Fig. 7. FLRT2 deficiency disrupts tight junctions and blood-brain barrier.

a Immunoblot of cytosolic and nuclear fractions obtained from bEnd.3 cells treated with control and Flrt2-siRNA showing protein levels of β-catenin and FoxO1, and α-tubulin (cytosolic) and Lamin A/C (nuclear) as controls. β-catenin (b) and FoxO1 (c) protein levels relative to loading controls. n = 3 independent experiments. Two-tailed unpaired t-tests, p = 0.342 (cytoplasm), p = 0.016 (nucleus) (b); p = 0.126 (cytoplasm), p = 0.020 (nucleus) (c). d Immunoblot showing FLRT2 and Claudin-5, and β-actin (loading control) in control and Flrt2 siRNA-treated bEnd.3 cells. e Quantification of FLRT2 and Claudin-5 protein levels. n = 5 (FLRT2) and 6 (Claudin-5) independent experiments. Two-tailed unpaired t-test, p < 0.0001 and p = 0.026. f Immunoblot showing Claudin-5, and α-tubulin as loading control in total brain lysates from control and Flrt2^iΔEC littermates. g Quantification of Claudin-5 protein levels. n = 8 animals per genotype. Two-tailed Mann-Whitney test, p value = 0.034. h Neocortical blood vessels stained for Claudin-5 and VE-cadherin. i Quantification of the ratio of split Claudin-5 junction length to the total junctional length. n = 5 control and 7 mutant mice. Two-tailed unpaired t-test, p = 0.006. j Representative fluorescent whole-brain images of control and Flrt2^iΔEC littermates injected with AlexaFluor^TM 555-conjugated cadaverine at P7-P8. k Cadaverine whole-brain intensity quantification in control and Flrt2^iΔEC littermates. n = 16 control, 18 mutant animals. Two-tailed unpaired t-test, p = 0.018. l Brain cortices from cadaverine-injected control and Flrt2^iΔEC littermates immunostained for Collagen IV (Col IV). m TEM representative images of EC junctions in brain capillaries in control and Flrt2^iΔEC mice. Note the abnormal junctions often associated with the presence of vacuoles (red arrows) in Flrt2^iΔEC vessels. n Incidence of abnormal junctions (left) and junctions with vacuoles (right) in control and Flrt2^iΔEC brain capillaries. n = 3 animals per genotype. Two-tailed unpaired t-test, p = 0.001 (junctions), p = 0.021 (vacuoles). Scale bars: 10 μm (h), 1 mm (j), 100 μm (l), 200 nm (m). Data are shown as mean ± SEM. *P < 0.05, **P < 0.01, ***P > 0.001.

Fig. 8. FLRT2 regulates vascular sprouting and CNS barriergenesis by interacting with VE-cadherin.

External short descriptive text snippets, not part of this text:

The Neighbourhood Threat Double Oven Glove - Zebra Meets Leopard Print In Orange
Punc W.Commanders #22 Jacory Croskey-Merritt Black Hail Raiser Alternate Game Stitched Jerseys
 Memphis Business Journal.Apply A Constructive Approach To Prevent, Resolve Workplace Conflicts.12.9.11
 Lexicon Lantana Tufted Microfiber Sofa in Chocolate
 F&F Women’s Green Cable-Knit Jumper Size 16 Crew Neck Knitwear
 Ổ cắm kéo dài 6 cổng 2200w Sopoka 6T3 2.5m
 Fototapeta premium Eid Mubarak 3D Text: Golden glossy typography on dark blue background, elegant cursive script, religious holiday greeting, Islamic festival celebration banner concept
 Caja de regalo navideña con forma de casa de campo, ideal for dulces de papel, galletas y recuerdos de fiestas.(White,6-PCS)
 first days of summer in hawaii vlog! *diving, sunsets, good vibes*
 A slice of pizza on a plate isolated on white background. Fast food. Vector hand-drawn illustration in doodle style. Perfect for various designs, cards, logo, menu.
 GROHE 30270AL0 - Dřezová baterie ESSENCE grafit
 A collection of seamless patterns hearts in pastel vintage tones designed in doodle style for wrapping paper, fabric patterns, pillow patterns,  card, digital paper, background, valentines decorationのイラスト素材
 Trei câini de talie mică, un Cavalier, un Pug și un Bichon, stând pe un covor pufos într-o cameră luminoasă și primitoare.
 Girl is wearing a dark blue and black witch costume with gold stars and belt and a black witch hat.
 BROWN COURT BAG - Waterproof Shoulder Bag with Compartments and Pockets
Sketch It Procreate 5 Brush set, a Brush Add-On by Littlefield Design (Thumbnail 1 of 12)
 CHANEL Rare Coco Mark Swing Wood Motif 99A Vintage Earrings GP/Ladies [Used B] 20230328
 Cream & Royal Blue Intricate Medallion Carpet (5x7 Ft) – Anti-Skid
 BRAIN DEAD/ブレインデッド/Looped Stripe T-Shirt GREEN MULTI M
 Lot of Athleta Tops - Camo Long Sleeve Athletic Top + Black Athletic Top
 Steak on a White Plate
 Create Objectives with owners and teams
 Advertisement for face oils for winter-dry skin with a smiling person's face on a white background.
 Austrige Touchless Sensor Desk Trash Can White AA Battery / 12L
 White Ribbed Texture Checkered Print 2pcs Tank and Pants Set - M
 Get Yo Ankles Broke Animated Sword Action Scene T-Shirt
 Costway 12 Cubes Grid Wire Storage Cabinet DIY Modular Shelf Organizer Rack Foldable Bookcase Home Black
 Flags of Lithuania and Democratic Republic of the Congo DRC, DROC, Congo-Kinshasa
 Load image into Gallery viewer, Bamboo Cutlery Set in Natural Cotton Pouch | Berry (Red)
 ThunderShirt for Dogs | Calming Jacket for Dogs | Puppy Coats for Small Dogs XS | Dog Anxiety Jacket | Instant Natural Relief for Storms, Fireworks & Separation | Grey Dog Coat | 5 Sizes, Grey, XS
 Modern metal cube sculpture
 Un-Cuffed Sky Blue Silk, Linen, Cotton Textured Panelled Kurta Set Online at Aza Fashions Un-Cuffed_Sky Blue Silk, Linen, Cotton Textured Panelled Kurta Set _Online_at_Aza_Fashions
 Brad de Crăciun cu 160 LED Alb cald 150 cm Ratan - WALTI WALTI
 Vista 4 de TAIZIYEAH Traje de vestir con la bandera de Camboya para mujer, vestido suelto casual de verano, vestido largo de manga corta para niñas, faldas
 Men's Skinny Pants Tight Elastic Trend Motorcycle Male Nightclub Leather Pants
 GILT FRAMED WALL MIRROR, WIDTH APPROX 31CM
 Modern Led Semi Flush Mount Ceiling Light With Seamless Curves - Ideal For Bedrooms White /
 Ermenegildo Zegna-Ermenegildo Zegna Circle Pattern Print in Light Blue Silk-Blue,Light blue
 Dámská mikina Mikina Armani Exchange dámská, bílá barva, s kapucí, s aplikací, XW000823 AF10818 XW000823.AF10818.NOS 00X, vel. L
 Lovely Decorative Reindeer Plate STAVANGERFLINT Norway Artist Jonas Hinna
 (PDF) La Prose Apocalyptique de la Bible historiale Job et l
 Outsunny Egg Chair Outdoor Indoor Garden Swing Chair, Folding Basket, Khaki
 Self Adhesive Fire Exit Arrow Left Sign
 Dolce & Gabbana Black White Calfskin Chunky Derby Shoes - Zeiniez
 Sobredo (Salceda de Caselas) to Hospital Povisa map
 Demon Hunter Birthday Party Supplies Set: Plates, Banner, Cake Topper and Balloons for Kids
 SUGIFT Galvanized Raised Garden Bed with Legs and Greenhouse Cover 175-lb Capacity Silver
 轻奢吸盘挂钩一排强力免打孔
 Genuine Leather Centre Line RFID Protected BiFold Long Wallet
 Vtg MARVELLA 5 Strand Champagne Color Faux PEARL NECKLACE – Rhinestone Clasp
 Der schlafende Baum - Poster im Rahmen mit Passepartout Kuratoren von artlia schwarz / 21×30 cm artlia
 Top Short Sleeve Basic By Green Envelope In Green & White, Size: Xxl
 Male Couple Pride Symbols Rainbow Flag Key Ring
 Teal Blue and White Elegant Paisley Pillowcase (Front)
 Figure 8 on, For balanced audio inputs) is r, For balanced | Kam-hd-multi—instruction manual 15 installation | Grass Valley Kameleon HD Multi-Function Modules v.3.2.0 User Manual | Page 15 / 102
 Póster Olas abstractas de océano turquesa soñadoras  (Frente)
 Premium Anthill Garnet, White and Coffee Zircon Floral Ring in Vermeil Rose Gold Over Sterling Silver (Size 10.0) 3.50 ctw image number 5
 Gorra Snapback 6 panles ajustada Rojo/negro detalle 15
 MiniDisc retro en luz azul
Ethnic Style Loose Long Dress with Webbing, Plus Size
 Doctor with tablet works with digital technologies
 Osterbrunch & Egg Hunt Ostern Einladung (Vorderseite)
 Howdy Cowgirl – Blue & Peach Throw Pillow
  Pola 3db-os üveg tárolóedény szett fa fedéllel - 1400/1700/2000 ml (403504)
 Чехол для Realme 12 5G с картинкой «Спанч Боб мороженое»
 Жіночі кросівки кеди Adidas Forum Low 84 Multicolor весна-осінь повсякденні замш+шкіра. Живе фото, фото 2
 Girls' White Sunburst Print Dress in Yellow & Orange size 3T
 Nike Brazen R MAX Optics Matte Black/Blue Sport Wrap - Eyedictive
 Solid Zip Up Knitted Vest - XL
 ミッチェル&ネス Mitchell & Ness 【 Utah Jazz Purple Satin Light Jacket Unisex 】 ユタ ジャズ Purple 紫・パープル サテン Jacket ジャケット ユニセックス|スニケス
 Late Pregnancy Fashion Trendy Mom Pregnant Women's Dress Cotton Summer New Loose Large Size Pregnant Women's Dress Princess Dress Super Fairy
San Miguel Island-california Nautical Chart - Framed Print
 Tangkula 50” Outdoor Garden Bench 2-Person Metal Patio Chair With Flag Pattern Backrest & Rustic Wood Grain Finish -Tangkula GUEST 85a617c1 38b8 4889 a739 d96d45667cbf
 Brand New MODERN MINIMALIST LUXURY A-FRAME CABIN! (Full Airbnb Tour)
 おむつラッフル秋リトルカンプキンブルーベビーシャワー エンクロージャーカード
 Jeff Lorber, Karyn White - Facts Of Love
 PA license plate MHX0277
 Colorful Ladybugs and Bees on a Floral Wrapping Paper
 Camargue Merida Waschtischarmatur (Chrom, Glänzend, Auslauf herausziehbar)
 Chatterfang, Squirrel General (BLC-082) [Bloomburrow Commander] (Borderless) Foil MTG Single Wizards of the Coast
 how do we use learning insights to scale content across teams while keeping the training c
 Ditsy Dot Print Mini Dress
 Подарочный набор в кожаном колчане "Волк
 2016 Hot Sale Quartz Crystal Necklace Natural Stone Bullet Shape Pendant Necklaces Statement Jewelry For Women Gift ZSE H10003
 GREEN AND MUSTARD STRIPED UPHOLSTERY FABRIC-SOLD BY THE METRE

a Schematic timeline representation of the vascular events derived from FLRT2 deletion in ECs. b Schematic representation of the molecular mechanisms regulated by FLRT2 in postnatal CNS vasculature. In control conditions, FLRT2 forms a complex with VE-cadherin and the endocytic adaptor Numb which allows the dynamic turnover of VE-cadherin necessary for angiogenic sprouting. By contrast, in FLRT2-deficient cells, VE-cadherin cytoplasmic tail is cleaved by Calpains and subsequently fated to lysosomal degradation, while a compensatory biosynthesis accumulates VE-cadherin at the cell membrane impairing vascular sprouts. In addition, FLRT2 deletion facilitates the nuclear translocation of β-catenin, repressing Claudin-5 expression and triggering increased size-selective BBB permeability.